После чего, глядя глаза в глаза, обстоятельно поклялась барышне жизнью и памятью, что Ируся, как сказал бы сам Гаврилскарыч, дитя Дома Этингера. Так и выговорила – с истинно папиной домашней интонацией.
Далее обомлевшей Эське пришлось услышать очередной парафраз библейского сюжета с царем Давидом и пресловутой девицей Ависагой – сюжета, немало кормившего батальон живописцев разных эпох и народов.
Старик, мол, страшно мерз под старость, и она, Стеша… ну, словом, в холодные вечера укладывалась к нему – погреть папашу. Короче, берегла его, «как синицу – окунь». А Гаврилскарыч – он, конечно, под конец головой совсем вознесся в небеса, пел и пел, как ангел… но клянусь вам, барышня, еще вполне был мужчина.

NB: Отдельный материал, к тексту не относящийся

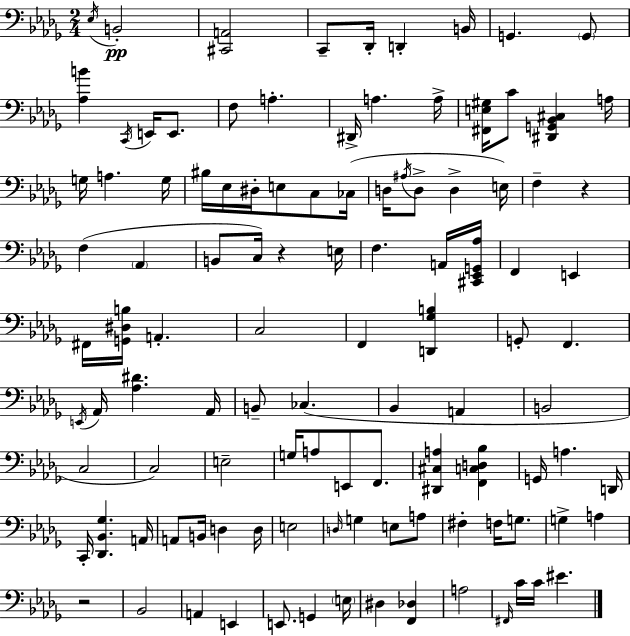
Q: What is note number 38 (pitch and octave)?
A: E3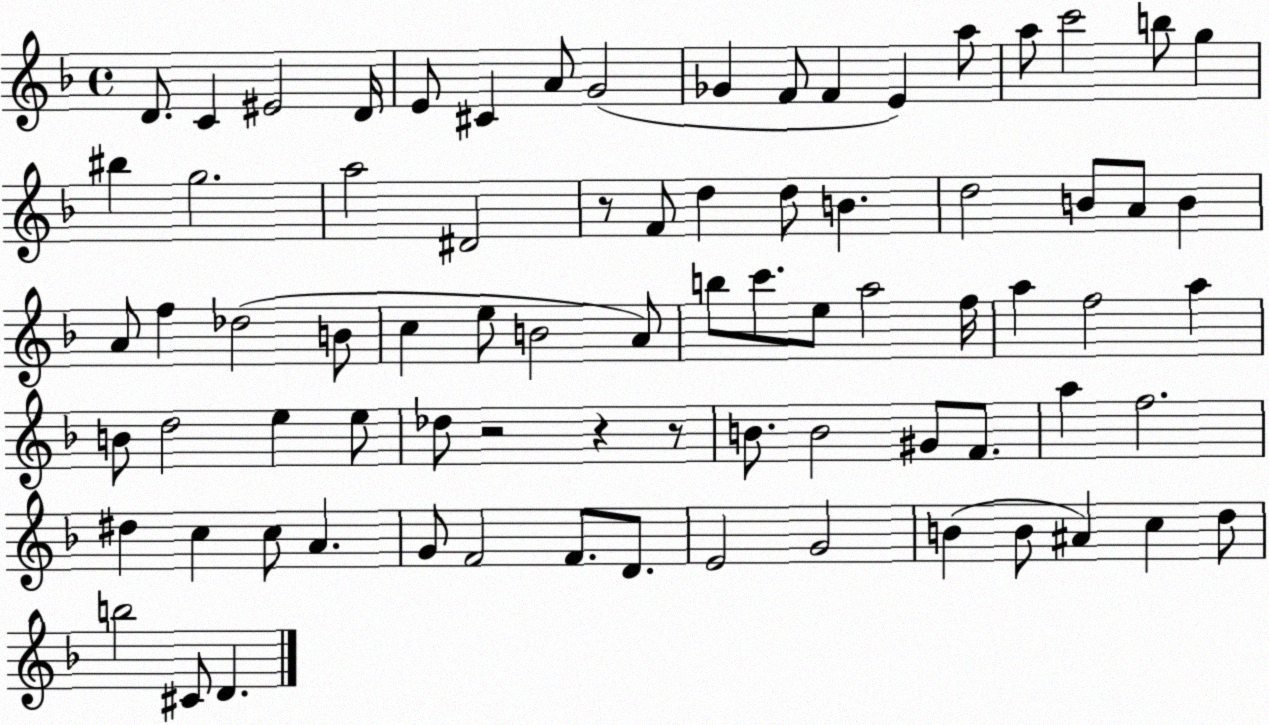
X:1
T:Untitled
M:4/4
L:1/4
K:F
D/2 C ^E2 D/4 E/2 ^C A/2 G2 _G F/2 F E a/2 a/2 c'2 b/2 g ^b g2 a2 ^D2 z/2 F/2 d d/2 B d2 B/2 A/2 B A/2 f _d2 B/2 c e/2 B2 A/2 b/2 c'/2 e/2 a2 f/4 a f2 a B/2 d2 e e/2 _d/2 z2 z z/2 B/2 B2 ^G/2 F/2 a f2 ^d c c/2 A G/2 F2 F/2 D/2 E2 G2 B B/2 ^A c d/2 b2 ^C/2 D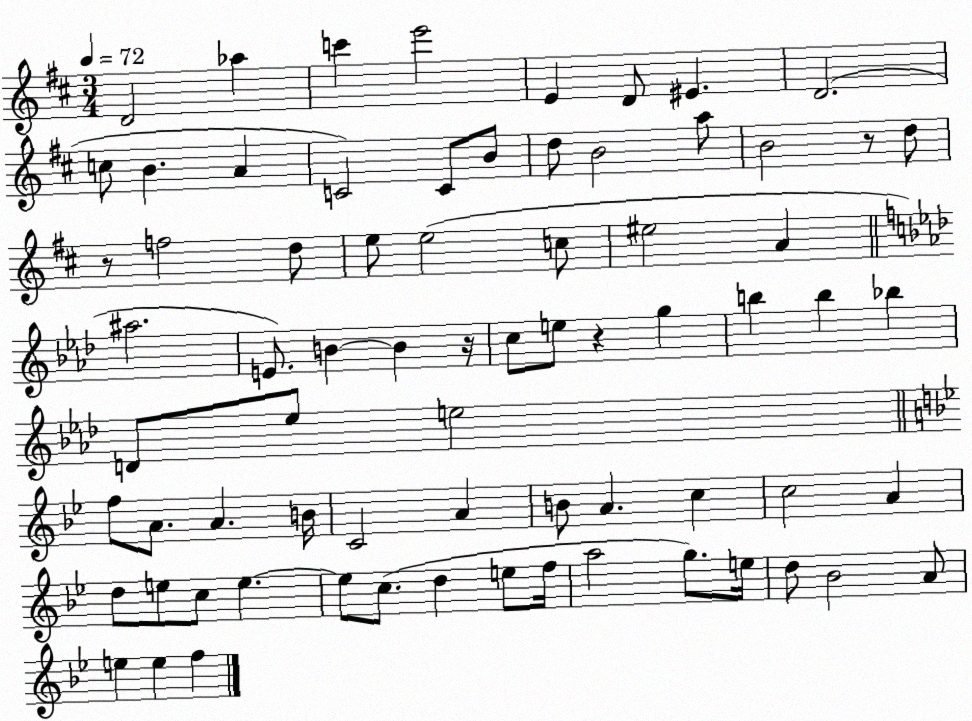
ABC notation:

X:1
T:Untitled
M:3/4
L:1/4
K:D
D2 _a c' e'2 E D/2 ^E D2 c/2 B A C2 C/2 B/2 d/2 B2 a/2 B2 z/2 d/2 z/2 f2 d/2 e/2 e2 c/2 ^e2 A ^a2 E/2 B B z/4 c/2 e/2 z g b b _b D/2 _e/2 e2 f/2 A/2 A B/4 C2 A B/2 A c c2 A d/2 e/2 c/2 e e/2 c/2 d e/2 f/4 a2 g/2 e/4 d/2 _B2 A/2 e e f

– Погоди! что же это… – запинаясь, проговорила побледневшая, немало сконфуженная Эська. На миг показалось, что именно эта домашняя новость превратила ее, огрубевшую, сорокапятилетнюю, ничему не удивлявшуюся женщину, в прежнюю застенчивую гимназистку, что застукала отца у чужого подъезда под руку с юной любовницей. – Ты хочешь сказать, что эта вот девочка – моя сестра?
– Или сестра – наверняка не скажу, – так же обстоятельно, без тени смущения отозвалась Стеша, спокойно глядя на барышню. – Тут ведь и Яша побывал.
И вот здесь впервые развернуто – как оперное либретто – прозвучал Стешин рассказ о возвращении Блудного сына.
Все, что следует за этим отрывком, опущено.